É provável que Kirchhoff tenha se interessado pelo problema do equilíbrio da radiação com a matéria para dar base teórica aos resultados obtidos empiricamente no estudo dos espectros dos elementos. De fato, como veremos, um dos primeiros resultados gerais que obtém é que no equilíbrio, um corpo não emite uma freqüência que ele não possa absorver. Mas, vamos por partes. O grande trabalho de Kirchhoff Sobre a relação entre o poder emissivo e o poder absortivo de corpos para o calor e a luz contém resultados importantíssimos. Tratava-se de, através da termodinâmica, caracterizar a radiação de equilíbrio. Como ele estava partindo do nada, tinha de fazer tudo. Primeiro, identificar as quantidades relevantes.
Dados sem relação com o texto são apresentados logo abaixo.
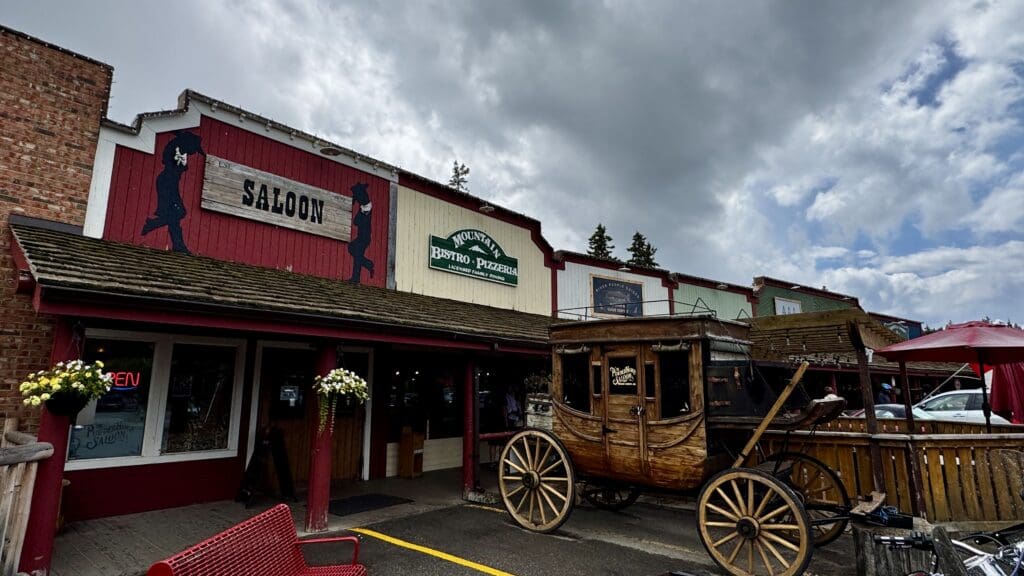 Western-style storefronts in Bragg Creek, Alberta, including a saloon and bistro, under cloudy skies. A vintage wooden carriage is parked in front, creating a nostalgic atmosphere.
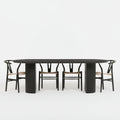 Dining room with a black oval table and chairs, featuring decorative items and a wall art piece.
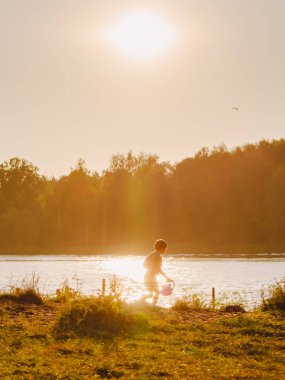 Küçük çocuk nehir kenarında yaz akşam çalışır.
Dado um corpo em equilíbrio com a radiação, tracemos um cone a partir do corpo, abarcando um ângulo sólido $d\Omega$.A energia que, por segundo, atravessa uma seção reta desse cone, será escrita $K d\Omega$. Se selecionarmos agora aquela energia cuja freqüência está entre $\nu$ e $\nu + d\nu$, a energia será $K_\nu d\Omega$, por unidade de intervalo de freqüência. Então, argumentos elementares mostram que a densidade espectral de energia eletromagnética (energia por unidade de volume, com freqüência entre $\nu$ e $\nu + d\nu$, por unidade de intervalo de freqüência.Ufa!) vale
\begin{displaymath}
u_\nu = \frac{8\pi}{c}K_\nu
\end{displaymath} (1)

e o resultado é o dobro do que o leitor esperava porque estamos considerando os dois estados de polarização das ondas eletromagnéticas.
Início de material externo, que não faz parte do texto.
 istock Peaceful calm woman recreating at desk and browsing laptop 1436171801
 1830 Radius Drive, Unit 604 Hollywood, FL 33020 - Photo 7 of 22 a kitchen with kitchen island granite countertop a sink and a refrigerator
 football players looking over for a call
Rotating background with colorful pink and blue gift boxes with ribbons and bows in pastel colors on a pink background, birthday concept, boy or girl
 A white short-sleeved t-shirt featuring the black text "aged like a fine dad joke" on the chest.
A absortividade do corpo é definida como sendo a fração da energia que incide sobre o corpo que é transformada em calor. Denotada por $A_\nu$, temos, então, que a quantidade de energia que, por unidade de tempo, etc., é transformada em calor é $A_\nu K_\nu (T)$, pois que estas quantidades dependem da temperatura absoluta $T$. No equilíbrio, essa energia absorvida pelo corpo deve ser reposta. Seja $E_\nu$ a emissividade do corpo, isto é, a quantidade de energia emitida pelo corpo nos mesmos $d\Omega$, $\nu$, etc. Então, devemos ter $E_\nu = A_\nu K_\nu(T)$, ou

\begin{displaymath}
\frac{E_\nu}{A_\nu} = K_\nu(T) = \frac{c}{8\pi}u_\nu(T)
\end{displaymath} (2)

A seguir Kirchoff introduziu o conceito de corpo negro, um corpo que transforma em calor toda a radiação que incide sobre ele. O melhor modelo de corpo negro é uma cavidade onde a luz entra por um orifício, mas só encontra o caminho de saída depois de um número colossal de reflexões nas paredes. Em cada reflexão um pouco de sua energia é absorvida. No limite, toda é absorvida. Pois bem, usando argumentos típicos da termodinâmica da época, Kirchhoff mostrou que, para um corpo negro, a densidade de energia $u_\nu(T)$ era uma função universal, independendo de como o corpo negro era construído. Segue que, para qualquer corpo em equilíbrio com a radiação em uma cavidade, $\frac{E_\nu}{A_\nu}$ é uma função universal. A emissividade para uma dada freqüência e uma dada temperatura pode variar, no equilíbrio, de corpo para corpo, mas a razão $\frac{E_\nu}{A_\nu}$ independe do corpo. Em particular, para o corpo negro, $A_\nu=1$, de maneira que temos que a emissividade de um corpo negro independe do corpo. A aplicação que mais terá interessado a Kirchhoff será, creio eu, a seguinte: suponhamos que, para um determinado corpo (uma certa massa de gás, por exemplo), a absortividade para uma determinada freqüência $\nu$ seja nula. Então, como a razão $\frac{E_\nu}{A_\nu}$ independe do corpo, teremos que, para esse gás, $E_\nu=0$. Ou seja, um corpo não emite uma freqüência que ele não absorva (no equilíbrio). Este resultado, anteriormente obtido empiricamente por Kirchhoff, encontrava aqui sua justificação. É claro que, na descrição quântica da matéria, este resultado é trivial e mais geral, não se restringindo ao equilíbrio. Mas que pudesse ser descoberto por Kirchhoff em meados do século XIX é realmente extraordinário.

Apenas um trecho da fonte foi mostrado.